→ **Your task**: Transcribe the listing word for word. Begin at its first line and end with the line containing "Detailed close-up of".

→ **Given records**:
---*---

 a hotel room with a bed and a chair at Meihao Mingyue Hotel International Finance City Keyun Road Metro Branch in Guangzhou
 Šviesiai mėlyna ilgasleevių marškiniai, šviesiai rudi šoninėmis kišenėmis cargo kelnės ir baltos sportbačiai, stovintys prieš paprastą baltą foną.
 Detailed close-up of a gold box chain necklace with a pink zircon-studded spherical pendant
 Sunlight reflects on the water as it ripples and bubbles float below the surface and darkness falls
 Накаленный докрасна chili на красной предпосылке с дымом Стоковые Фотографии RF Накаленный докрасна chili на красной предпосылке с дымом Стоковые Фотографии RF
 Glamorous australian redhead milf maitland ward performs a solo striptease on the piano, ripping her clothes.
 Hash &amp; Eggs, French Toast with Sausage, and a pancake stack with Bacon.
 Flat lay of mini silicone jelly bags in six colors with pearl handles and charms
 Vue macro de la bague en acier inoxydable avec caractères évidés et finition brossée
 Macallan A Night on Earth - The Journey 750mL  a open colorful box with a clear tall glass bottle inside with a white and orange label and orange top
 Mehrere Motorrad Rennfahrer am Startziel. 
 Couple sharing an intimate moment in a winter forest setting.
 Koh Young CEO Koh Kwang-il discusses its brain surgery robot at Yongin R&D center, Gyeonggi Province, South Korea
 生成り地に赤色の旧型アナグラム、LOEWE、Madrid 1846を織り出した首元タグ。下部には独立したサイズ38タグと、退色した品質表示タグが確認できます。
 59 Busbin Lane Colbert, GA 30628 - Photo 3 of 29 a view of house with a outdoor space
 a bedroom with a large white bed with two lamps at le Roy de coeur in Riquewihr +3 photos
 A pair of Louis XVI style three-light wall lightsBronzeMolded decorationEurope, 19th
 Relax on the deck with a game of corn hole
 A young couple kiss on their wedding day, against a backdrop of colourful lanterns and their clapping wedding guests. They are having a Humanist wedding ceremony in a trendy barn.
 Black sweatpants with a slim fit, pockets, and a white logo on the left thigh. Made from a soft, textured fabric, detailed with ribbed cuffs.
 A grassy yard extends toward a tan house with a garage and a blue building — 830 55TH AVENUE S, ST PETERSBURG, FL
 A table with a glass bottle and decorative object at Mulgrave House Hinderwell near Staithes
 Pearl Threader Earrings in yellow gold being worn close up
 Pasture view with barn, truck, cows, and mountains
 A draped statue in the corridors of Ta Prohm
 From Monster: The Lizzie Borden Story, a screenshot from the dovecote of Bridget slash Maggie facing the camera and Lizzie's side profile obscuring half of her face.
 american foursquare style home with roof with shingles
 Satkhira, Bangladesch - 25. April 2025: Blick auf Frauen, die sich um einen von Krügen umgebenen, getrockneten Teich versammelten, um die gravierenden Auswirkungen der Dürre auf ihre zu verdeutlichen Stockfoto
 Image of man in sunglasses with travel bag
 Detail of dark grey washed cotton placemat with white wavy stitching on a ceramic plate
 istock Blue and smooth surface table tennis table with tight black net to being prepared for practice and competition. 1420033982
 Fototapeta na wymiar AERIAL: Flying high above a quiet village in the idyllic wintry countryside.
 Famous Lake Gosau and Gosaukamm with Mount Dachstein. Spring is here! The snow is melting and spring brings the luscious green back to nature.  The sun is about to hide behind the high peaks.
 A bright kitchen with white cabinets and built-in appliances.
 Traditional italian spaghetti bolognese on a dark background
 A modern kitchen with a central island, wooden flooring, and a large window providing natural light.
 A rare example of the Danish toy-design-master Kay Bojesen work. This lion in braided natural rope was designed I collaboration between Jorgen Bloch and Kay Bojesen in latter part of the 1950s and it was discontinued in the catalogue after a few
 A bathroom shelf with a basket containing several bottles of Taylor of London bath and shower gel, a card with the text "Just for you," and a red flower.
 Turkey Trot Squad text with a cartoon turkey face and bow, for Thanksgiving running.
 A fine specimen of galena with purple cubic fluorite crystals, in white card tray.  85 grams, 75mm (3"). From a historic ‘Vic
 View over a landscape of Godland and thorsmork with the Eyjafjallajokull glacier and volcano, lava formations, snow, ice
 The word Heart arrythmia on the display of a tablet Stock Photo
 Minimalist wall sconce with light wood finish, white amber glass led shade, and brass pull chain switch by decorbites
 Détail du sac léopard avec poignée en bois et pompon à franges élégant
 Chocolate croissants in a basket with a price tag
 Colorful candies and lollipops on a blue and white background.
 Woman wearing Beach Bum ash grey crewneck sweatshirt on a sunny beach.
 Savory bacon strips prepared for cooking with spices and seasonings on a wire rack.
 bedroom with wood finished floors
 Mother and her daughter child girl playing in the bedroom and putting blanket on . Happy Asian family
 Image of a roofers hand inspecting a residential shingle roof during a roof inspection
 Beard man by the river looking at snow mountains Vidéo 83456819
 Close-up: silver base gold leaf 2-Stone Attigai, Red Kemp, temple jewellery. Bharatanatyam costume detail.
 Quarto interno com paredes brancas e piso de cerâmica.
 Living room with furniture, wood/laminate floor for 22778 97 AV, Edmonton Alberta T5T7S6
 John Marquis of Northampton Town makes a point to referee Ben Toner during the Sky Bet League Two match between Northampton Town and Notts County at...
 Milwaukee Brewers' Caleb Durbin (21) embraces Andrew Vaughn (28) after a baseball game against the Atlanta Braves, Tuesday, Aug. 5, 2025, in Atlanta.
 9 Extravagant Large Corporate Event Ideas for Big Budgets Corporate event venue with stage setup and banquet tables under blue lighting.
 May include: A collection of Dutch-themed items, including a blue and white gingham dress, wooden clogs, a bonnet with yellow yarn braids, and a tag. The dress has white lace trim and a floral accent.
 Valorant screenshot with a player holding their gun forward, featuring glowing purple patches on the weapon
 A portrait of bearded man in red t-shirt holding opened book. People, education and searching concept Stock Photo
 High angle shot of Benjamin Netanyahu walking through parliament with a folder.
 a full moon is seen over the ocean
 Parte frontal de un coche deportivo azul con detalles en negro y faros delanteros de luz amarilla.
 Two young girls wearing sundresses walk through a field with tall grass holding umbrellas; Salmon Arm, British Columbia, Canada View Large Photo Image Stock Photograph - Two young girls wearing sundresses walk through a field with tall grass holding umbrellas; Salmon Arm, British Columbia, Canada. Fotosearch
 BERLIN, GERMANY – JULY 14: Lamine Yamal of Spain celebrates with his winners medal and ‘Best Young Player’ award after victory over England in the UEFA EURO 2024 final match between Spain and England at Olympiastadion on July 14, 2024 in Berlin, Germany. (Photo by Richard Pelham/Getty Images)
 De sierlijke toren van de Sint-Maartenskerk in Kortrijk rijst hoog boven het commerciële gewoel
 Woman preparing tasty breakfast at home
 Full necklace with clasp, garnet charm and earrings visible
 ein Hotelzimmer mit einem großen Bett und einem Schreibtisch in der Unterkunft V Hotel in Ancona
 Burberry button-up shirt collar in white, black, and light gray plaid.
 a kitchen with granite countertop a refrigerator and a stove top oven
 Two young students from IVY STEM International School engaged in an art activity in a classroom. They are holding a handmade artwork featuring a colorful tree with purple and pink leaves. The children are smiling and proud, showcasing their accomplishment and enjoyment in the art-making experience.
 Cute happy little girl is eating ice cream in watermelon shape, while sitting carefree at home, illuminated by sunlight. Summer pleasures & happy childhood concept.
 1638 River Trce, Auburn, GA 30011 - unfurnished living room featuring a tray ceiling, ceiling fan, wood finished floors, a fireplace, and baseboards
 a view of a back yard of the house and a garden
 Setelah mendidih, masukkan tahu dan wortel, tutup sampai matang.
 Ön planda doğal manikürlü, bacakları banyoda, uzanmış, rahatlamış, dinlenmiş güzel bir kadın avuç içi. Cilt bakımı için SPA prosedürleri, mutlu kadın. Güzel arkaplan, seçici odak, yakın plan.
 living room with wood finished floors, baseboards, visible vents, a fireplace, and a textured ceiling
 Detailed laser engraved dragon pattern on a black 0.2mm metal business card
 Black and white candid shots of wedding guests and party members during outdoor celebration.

---*---

→ **Written reply**:
 a hotel room with a bed and a chair at Meihao Mingyue Hotel International Finance City Keyun Road Metro Branch in Guangzhou
 Šviesiai mėlyna ilgasleevių marškiniai, šviesiai rudi šoninėmis kišenėmis cargo kelnės ir baltos sportbačiai, stovintys prieš paprastą baltą foną.
 Detailed close-up of a gold box chain necklace with a pink zircon-studded spherical pendant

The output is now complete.